Although the Chinese have still not agreed to specific targets, their refreshed willingness to discuss options is seen by some observers as a significant change from past years, which were largely a standoff between developing and developed nations. Not surprisingly, the Asian giant stresses that it is still committed to extending economic progress to all its citizens, and that efforts to address global warming will have to fit into development goals.
China is also asking the richest countries to commit to donating 1% of their gross domestic product to help poor countries fight global warming.
China gets 70% of its power from coal plants, many of them with only minimal pollution controls, and plans to build more than 550 new coal-fired power stations. The country accounted for two-thirds of the global increase in carbon emissions in 2007. Yet, the Chinese still emit about one-fourth as much carbon per person as the average American.
It's true China has been rapidly deploying solar and wind power, but not at a scale near big enough to fuel the nation's rapid growth. China has also worked to boost energy conservation, though again results have been outpaced by expansion.

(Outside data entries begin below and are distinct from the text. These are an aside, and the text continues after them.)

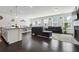 Spacious open-concept living room featuring wood floors and natural light, great for entertaining and relaxation at 4143 Halton Rd, Duluth, GA 30097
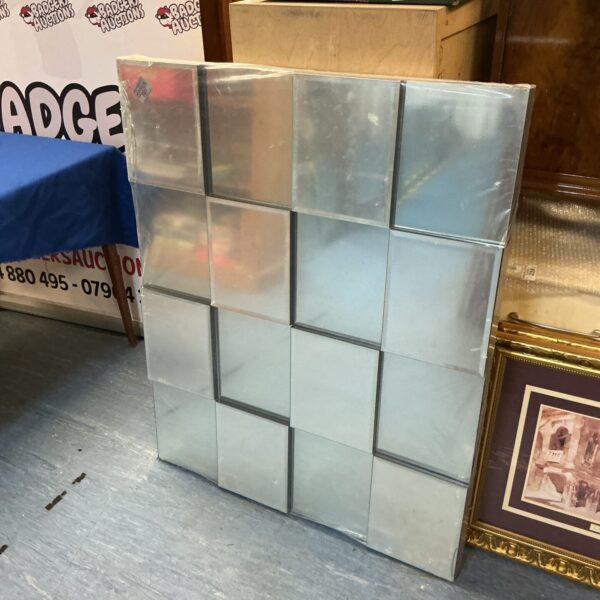 Large modern geometric mirror measuring 49x32 inches.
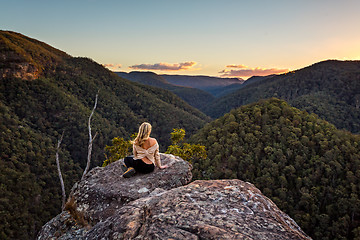 Image showing Woman on a rock with views of sunset over mountain valley gorge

Perhaps the 800-pound gorilla at Poznan is the fact that the Bush administration is in its final days. W and Co. have been no help in building international consensus for action on global warming, and the fact that President-elect Barack Obama offers promise of a different tack may be partly behind China's change.
Of course, it also might have something to do with China's epically polluted skies, rising sea levels and disappearing winters.